*** Entries shown Section Begins ***

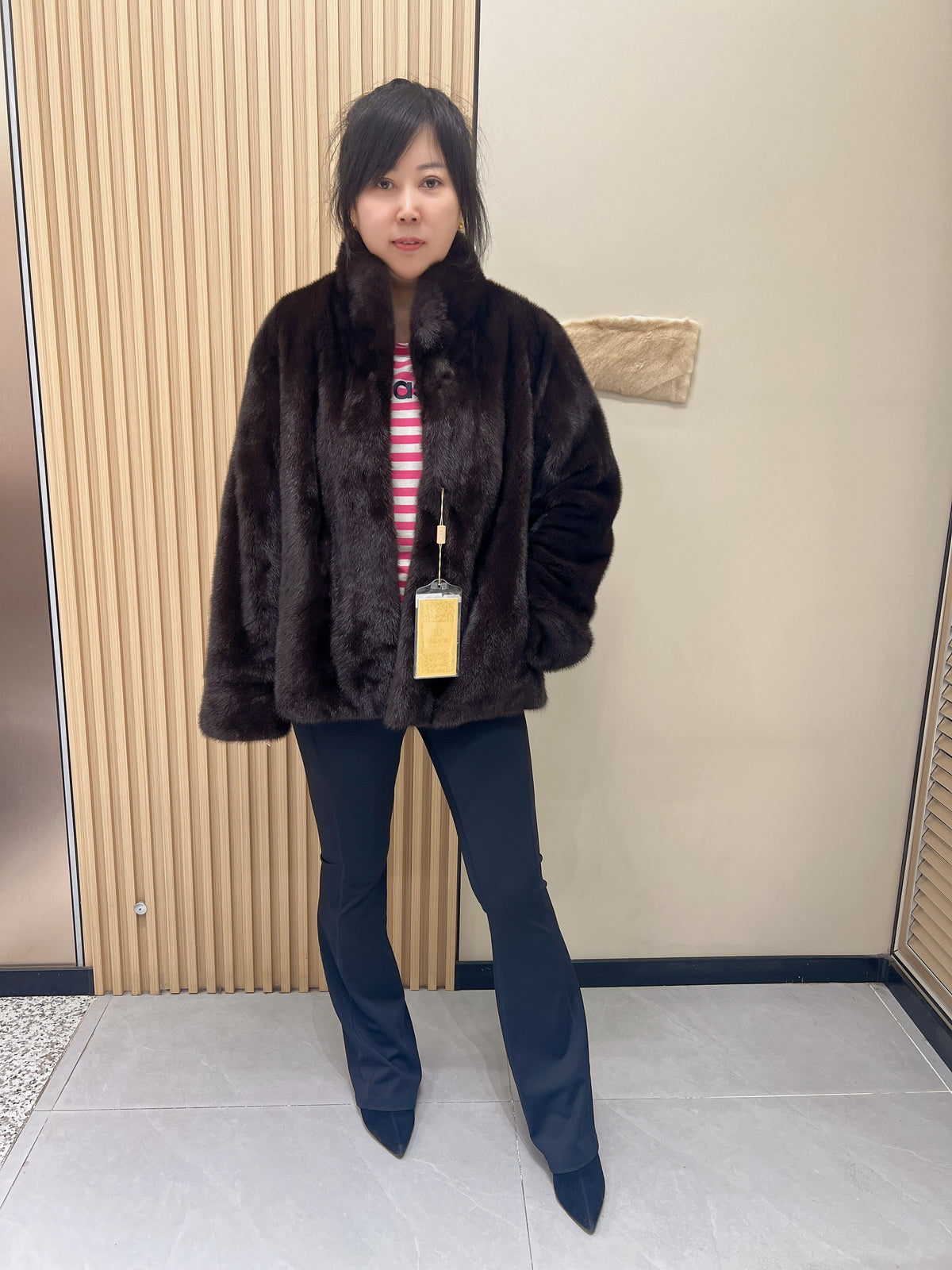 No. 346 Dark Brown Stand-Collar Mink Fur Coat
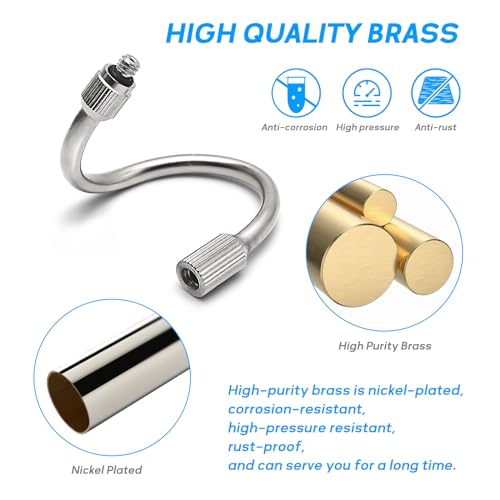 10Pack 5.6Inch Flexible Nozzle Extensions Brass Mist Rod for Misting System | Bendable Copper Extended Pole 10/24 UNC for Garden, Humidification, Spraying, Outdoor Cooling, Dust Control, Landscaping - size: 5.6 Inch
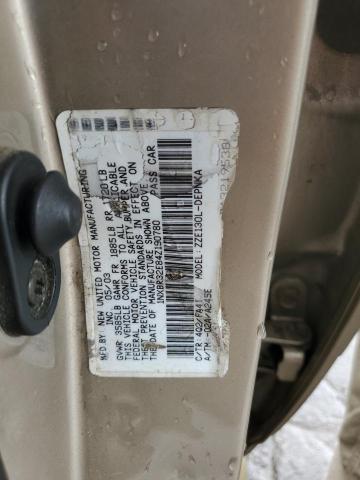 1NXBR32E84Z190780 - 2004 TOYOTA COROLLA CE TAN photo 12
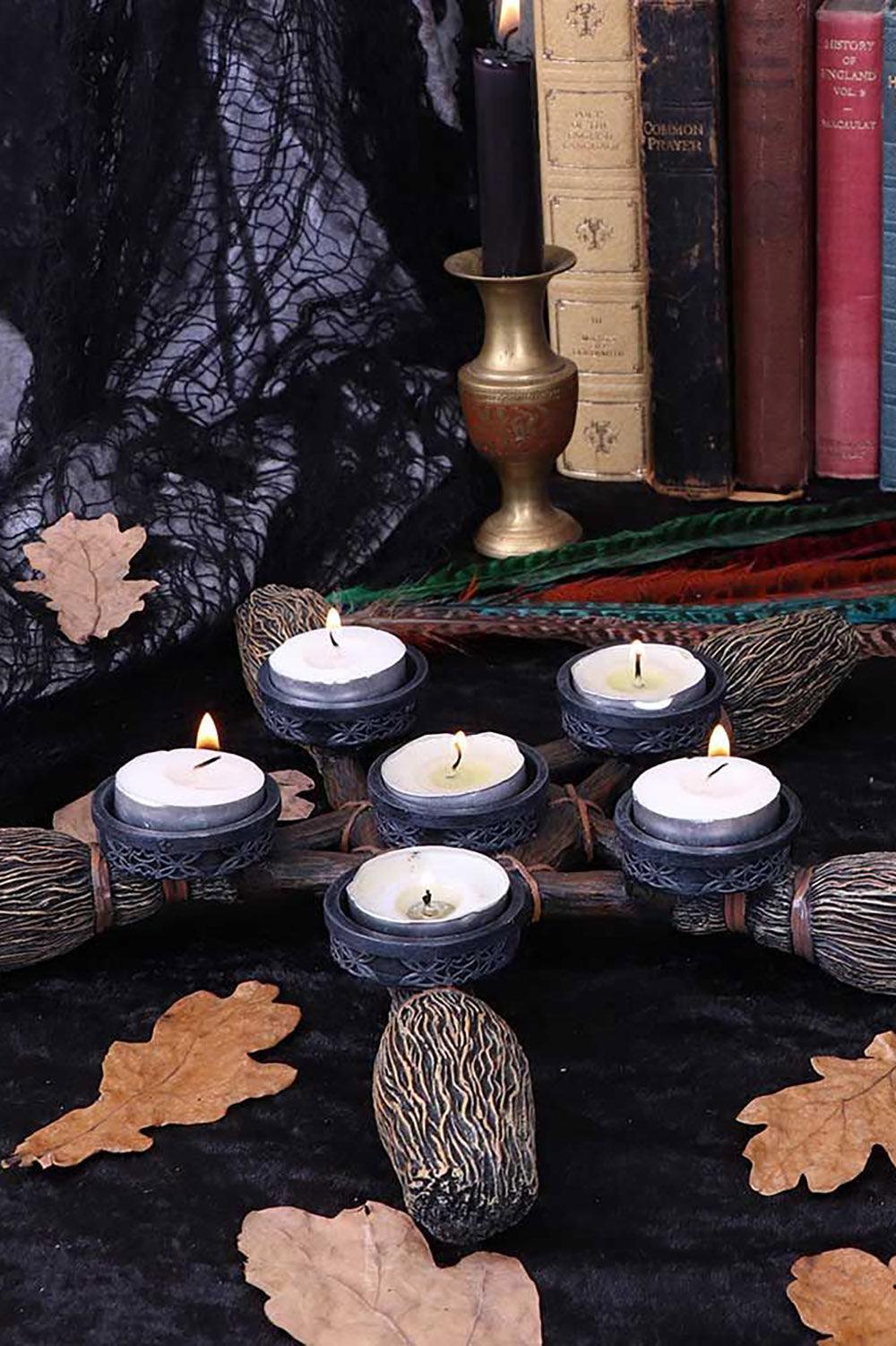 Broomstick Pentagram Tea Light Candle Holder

*** Entries shown Section Ends ***
*** Entries shown Section Begins ***

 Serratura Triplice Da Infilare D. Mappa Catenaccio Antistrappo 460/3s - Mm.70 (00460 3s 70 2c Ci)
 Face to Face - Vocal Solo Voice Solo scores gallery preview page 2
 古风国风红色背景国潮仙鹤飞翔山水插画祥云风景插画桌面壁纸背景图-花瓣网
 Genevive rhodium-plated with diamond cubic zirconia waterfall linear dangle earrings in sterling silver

*** Entries shown Section Ends ***

Using the data above, set down each line from the line with "1NXBR32E84Z190780 - 2004" to the line with "Broomstick Pentagram Tea Light Candle Holder" exactly, both ends included, and leave the pictures behind. Nothing else belongs.

 1NXBR32E84Z190780 - 2004 TOYOTA COROLLA CE TAN photo 12
 Broomstick Pentagram Tea Light Candle Holder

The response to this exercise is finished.